I don't want to dump it since the soil is sand and pollute my well water . I figure if it is in open cans in steel fire ring and I light a fire in ring there should be time to safely move before if ignites .

3/17/18 @ 4:46 PM
river_chaser
User since 10/3/12

Gas will burn black. And a galn of gas will spread fumes in wide area. Try to put keep in the the small metal can and put the can in a 55 gallon burner barrel just for a precaution.

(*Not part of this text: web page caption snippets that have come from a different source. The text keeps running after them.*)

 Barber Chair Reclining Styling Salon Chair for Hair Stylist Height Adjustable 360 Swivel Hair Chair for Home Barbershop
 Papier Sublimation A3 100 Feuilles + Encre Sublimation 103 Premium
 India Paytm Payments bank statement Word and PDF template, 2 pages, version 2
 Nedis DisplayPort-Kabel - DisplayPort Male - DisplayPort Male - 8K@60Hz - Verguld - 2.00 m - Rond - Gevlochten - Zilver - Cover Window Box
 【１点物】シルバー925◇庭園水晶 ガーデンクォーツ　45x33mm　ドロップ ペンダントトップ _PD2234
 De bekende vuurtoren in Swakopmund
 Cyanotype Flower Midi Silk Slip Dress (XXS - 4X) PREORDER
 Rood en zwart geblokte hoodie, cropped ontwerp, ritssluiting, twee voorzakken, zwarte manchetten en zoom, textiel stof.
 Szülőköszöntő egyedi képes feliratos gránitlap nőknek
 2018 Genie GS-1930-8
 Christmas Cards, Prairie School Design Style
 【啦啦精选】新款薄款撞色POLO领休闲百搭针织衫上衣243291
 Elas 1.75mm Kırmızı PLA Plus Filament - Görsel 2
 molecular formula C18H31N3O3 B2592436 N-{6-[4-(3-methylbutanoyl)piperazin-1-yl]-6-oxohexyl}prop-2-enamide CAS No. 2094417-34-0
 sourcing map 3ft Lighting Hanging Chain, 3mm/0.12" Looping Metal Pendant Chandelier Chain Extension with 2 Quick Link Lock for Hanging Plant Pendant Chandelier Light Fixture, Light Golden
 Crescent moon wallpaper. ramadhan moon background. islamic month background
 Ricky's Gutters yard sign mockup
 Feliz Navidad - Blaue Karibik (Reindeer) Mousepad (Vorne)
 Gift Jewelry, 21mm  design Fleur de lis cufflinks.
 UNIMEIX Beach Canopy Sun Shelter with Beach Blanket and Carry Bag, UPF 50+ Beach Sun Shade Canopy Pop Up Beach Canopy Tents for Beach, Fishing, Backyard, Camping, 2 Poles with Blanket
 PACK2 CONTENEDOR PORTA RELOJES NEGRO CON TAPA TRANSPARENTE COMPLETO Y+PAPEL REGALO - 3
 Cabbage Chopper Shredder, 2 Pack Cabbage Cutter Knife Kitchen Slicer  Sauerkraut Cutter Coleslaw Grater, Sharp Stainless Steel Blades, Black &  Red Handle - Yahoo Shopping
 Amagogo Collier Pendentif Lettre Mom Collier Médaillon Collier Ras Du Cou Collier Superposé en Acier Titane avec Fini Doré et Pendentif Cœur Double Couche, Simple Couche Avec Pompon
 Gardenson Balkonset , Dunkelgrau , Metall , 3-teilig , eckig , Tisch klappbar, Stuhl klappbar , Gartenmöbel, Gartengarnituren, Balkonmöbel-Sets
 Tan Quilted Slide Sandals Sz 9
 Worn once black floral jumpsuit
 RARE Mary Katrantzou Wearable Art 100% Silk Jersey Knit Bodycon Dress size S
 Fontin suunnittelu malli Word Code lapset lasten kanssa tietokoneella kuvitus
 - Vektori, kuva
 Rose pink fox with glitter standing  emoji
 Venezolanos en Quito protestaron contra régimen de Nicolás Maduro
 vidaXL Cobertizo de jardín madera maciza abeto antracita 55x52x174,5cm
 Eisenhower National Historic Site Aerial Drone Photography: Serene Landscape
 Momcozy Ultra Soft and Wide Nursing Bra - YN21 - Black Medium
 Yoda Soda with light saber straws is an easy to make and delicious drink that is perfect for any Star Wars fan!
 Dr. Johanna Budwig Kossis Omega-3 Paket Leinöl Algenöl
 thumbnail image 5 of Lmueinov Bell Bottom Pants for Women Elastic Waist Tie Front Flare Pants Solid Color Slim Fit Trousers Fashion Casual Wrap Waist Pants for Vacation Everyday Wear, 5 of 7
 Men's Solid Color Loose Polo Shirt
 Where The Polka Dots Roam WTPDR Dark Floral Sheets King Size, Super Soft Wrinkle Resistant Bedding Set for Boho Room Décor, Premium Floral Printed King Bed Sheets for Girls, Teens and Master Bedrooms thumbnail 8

another option is dump it on a large pile of gravel or sand and burn it

3/17/18 @ 4:42 PM
pool 9 cathunter
User since 9/23/14

https://www.mmsd.com/what-you-can-do/home-haz-mat-collection


If you're in the Milwaukee area

3/17/18 @ 4:40 PM
BugleTrout
BugleTrout
User since 9/27/01

15 years old?  I'd use it for fire starter.  It shouldn't be very volatile at this point.  I'd still treat it as it is though.  Especially the first time you use it.  Stay upwind and as far back as you can throw a match.  If it's dead calm out, don't pour it on and let it sit for a period of time before lighting it.  If there are still volatiles, they are heavier than air and can creep out of the pit and spread to where you are standing.  But at 15 years old, it should be about the equivalent of kerosene at this point.

I used to work in the petroleum and environmental industry and tested gasoline and soil & water contaminated with gasoline.  If not treated, gas ages at a fairly fast rate and loses it volatiles leaving the semi-volatiles which are similar in chemical structure to kerosine.  Gasoline's higher carbon-containing compounds have 9-11 carbon molecules and kerosine's compounds have 12-15.  Thus ends today's science lesson.

But always use caution when working with anything flammable.